En ce moment même, le musée d’Art japonais de Bruxelles (1) rend hommage à l’un des samouraïs du trait, Jirô Taniguchi, à travers une exposition intitulée Quand le manga rêve d’Occident (voir aussi Le Vif/L’Express de cette semaine). Car si l’Europe cède aujourd’hui à la mangamania, la crème des dessinateurs de l’archipel n’a jamais caché sa fascination pour notre civilisation. Le graphisme hybride des BD japonaises emprunte ainsi autant à notre patrimoine pictural – il suffit de voir la forme arrondie des yeux – qu’aux estampes traditionnelles. Et ce qui est vrai pour la forme l’est aussi pour le fond.

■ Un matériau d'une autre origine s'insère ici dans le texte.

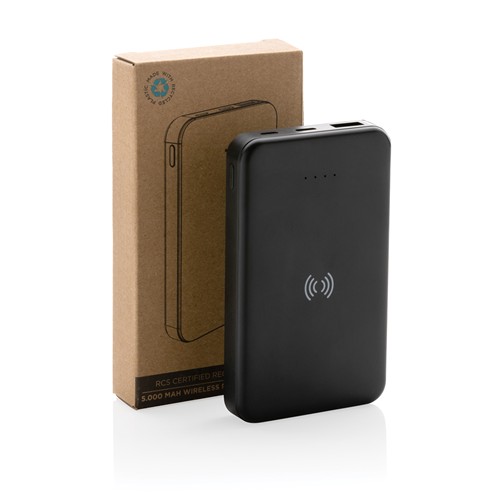 RCS recycled plastic 5.000 mAh 5W wireless powerbank RCS recycled plastic 5.000 mAh 5W wireless powerbank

Les récits sont le plus souvent truffés de références, plus ou moins détournées, à notre background culturel. Y compris dans le domaine de la mode. Nana Osaki, une des figures clés de la série à succès Nana d’Ai Yazama ne jure par exemple que par Vivienne Westwood (créatrice qui avoue par ailleurs un faible pour la créativité nipponne)…

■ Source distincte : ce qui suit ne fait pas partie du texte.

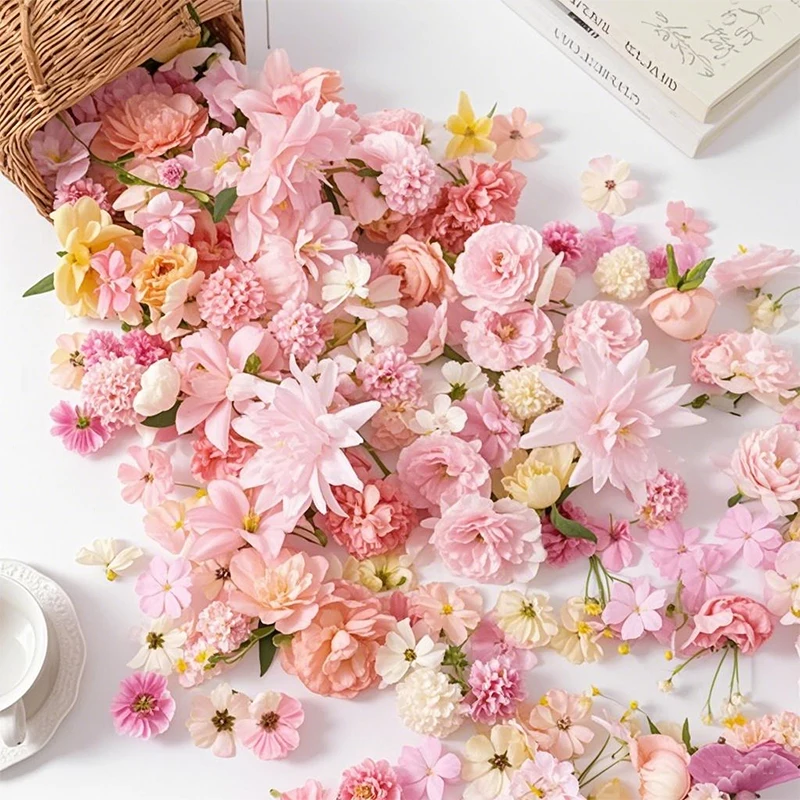 20/50 Stücke Rosa Künstliche Blume Kopf MSini Seide Künstliche Rose Gänseblümchen Blume Handwerk Liefert Hochzeit Kranz Hause Dekoration – Detail 6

Au début de l’année, c’était le Centre culturel de l’ambassade du Japon de Bruxelles qui mettait à l’honneur le travail poétique et profond de Keiko Ichiguchi. Mais bien plus que les rétrospectives ou les prix prestigieux (dont le dernier cette année à Angoulême avec celui du meilleur album attribué à NonNonBâde Shigeru Mizuki, demi-dieu dans son pays), c’est surtout la manière dont le style manga a bouleversé le visage de la BD européenne ces dernières années qui est révélateur de l’influence, à l’échelle planétaire, de cette sous-culture.

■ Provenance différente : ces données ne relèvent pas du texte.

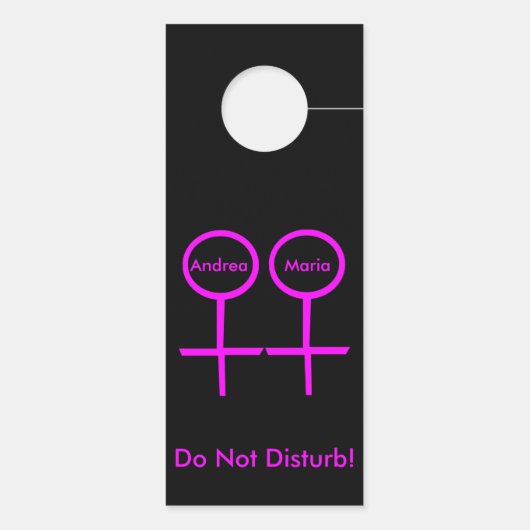 Lesbian Lovers Personalized door Hanger (Achterkant)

En attirant l’attention des auteurs de BD de nos contrées sur la richesse d’une école longtemps boudée (quand le bulldozer Goldorak masquait les autres registres nettement plus subtils du genre), les trend-setters croisant en mer du Japon ont indirectement participé au renouveau du 9e art européen. On a ainsi vu se multiplier les cadrages audacieux, la narration graphique, le noir et blanc, le tout au service de préoccupations et d’histoires ancrées dans la réalité occidentale. Un joyeux métissage culturel dont certains, comme Baru, Varenne ou Moebius, ont su tirer le meilleur parti.

Objet de culte

La sphère d’influence des mangas ne s’arrête pas à la BD et à la mode. L’art contemporain, prompt à rebondir sur les phénomènes populaires émergents (comme il le fit déjà avec le pop art dans les années 1960) a aussi eu droit à sa part de gâteau. Et puisque l’on n’est jamais mieux servi que par soi-même, ce sont les artistes japonais qui les premiers ont embrassé la cause manga. De Takashi Murakami (l’un des plus cotés sur le marché de l’art) à Rei Sato, le manga-art comme on l’appelle puise son énergie, sa vitalité et surtout son culot dans ce chaudron incandescent qu’est la pop culture japonaise. Lui offrant par la même occasion une caisse de résonance, un supplément de buzz comme on dit un supplément de chantilly, qui va venir nourrir les fantasmes et l’imaginaire d’autres chapelles créatives également friandes de nouveautés, dont la mode bien sûr.

La boucle est bouclée. Prophète en son pays, le manga l’est aussi désormais hors de ses frontières. Certes, on est loin de la vénération quasi religieuse que lui vouent les Japonais. Là-bas, le manga, qui bat au rythme de la société à travers ses différents sous-genres, a son quartier (Akihabara, la Mecque des otakus, les drogués du manga), ses cafés, ses statues, ses musées, ses temples. Les Japonais respirent, jouent et rêvent manga. En tout cas la moitié de la population qui ne peut s’en passer. La mode s’abreuve aujourd’hui à cette fontaine de jouvence. A notre tour d’y plonger un doigt. Ou plus si affinités…

(1) Quand le manga rêve d’Occident, jusqu’au 6 janvier 2008, musée d’Art japonais, 44, avenue Van Praet, à 1020 Bruxelles. Tél. : 02 741 72 11.